Reflections on the value of HE in the wider community and economy

Following the AHUA’s Spring Conference, Robin Henderson, Managing Director of MY Consultants and AHUA Development Consultant, reflects on the wider purposes of institutions and how to reconnect value.

At the AHUA Spring Conference in April, Nicola Dandridge (outgoing Chief Executive of the OfS) was asked a question about how she had managed to sustain 15 years in senior roles within the higher education sector. Her response to this question caused me to reflect, as it highlighted to her the value of what the HE sector achieves for students, for the towns and cities where HE institutions are based, and for the wider national economy of the UK.

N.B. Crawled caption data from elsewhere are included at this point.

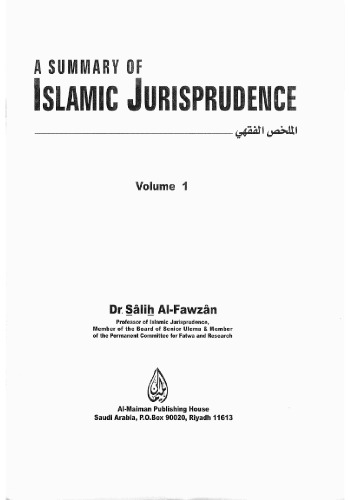 A Summary of Islamic Jurisprudence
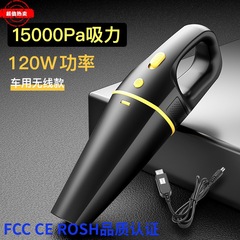 ポータブルワイヤレス車用掃除機充電式家庭用デュアルユース小型ハイパワー車専用強力ハンドヘルド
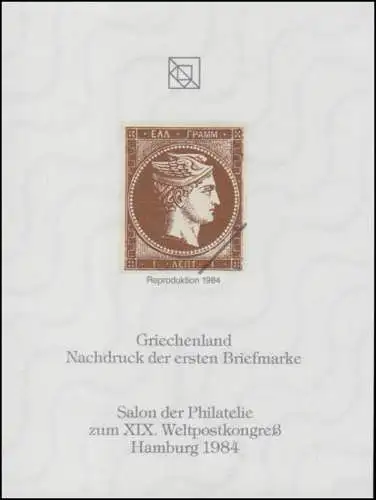 Impression spéciale Grèce n° 1 Nouvelle impression Salon Hambourg 1984 FAKSIMILE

Management and leadership writers, for example Dan Pink and Simon Sinek, have written about how connecting to the purpose of an organisation can benefit staff motivation.  And yet research from the CIPD in 2018 indicated that only 47% of staff are motivated by their organisation’s core purpose with significant differences between staff grades.

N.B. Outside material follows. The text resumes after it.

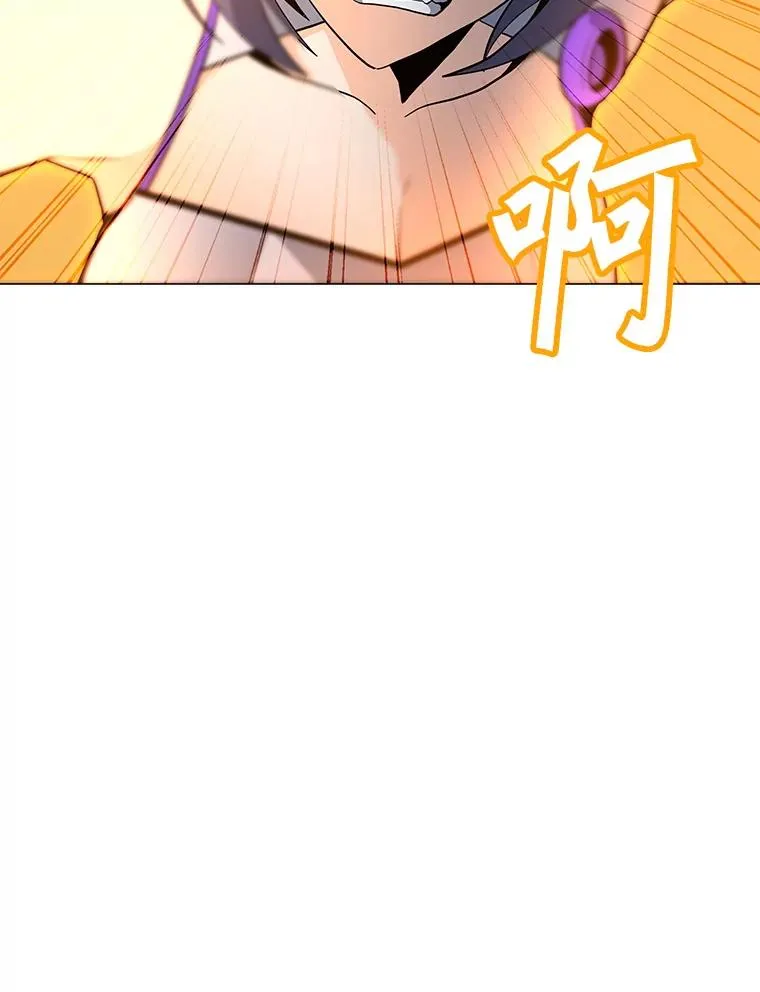 81.三个石像 第58页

In my experience, the majority of HE staff do connect to the purpose of their institution but most often in terms of the impact it has on cohorts of students (often localised to specific schools / departments) and the societal benefits that their research generates.

However, the impact that universities have on the wider economy at a local and national level is something which I very rarely hear staff discussing beyond senior management teams. Have these wider goals, those which were the underpinning foundations of the sector, got lost in the relentless series of objectives often captured in an excellence framework (choose your letter to go ahead of the EF) and yet another set of league tables?

Another speaker at our Spring Conference gave us an insight into these broader impacts. Sir Anton Muscatelli, Principal of the University of Glasgow, highlighted the economic benefits that the University of Glasgow brings to the wider economy. A recent report from London Economics estimated that the contribution of the University of Glasgow to the wider economy was £4.4billion.

The challenge for HE leaders is about how to enhance the communication of these impacts in a way that engages staff across institutions no matter what their role to enable them to see the true societal value of the institution. This I would argue is even more relevant for those who lead professional services where the distance between outcomes and inputs is often greater than in the academic community.

The more fundamental question however is how do you go about doing this? At a pragmatic internal level, universities have work to do to connect staff to the “why” of more of the activities undertaken within an institution.

I regularly work with staff, many of whom will have been tasked with delivering research which has to be “REFable”, who have no sense of the value of funding nor what the organisation is able to achieve through the REF process.

Beyond that we need to think about communicating those wider purposes – often linked to the founding principles of institutions – to enable individuals to reconnect to the value which universities generate. This would appear to be especially relevant at this point amid the challenges of workload, industrial action and two very challenging years of the pandemic.

Much of the data highlighting the work that the organisation is doing to achieve these goals is likely to exist already in one form or another. What is required is to build communications and narrative highlighting those goals in a way that engages colleagues across the whole institution from the educators, programme administrators, student services, researchers, estates, finance teams and all the other professional teams within the institution.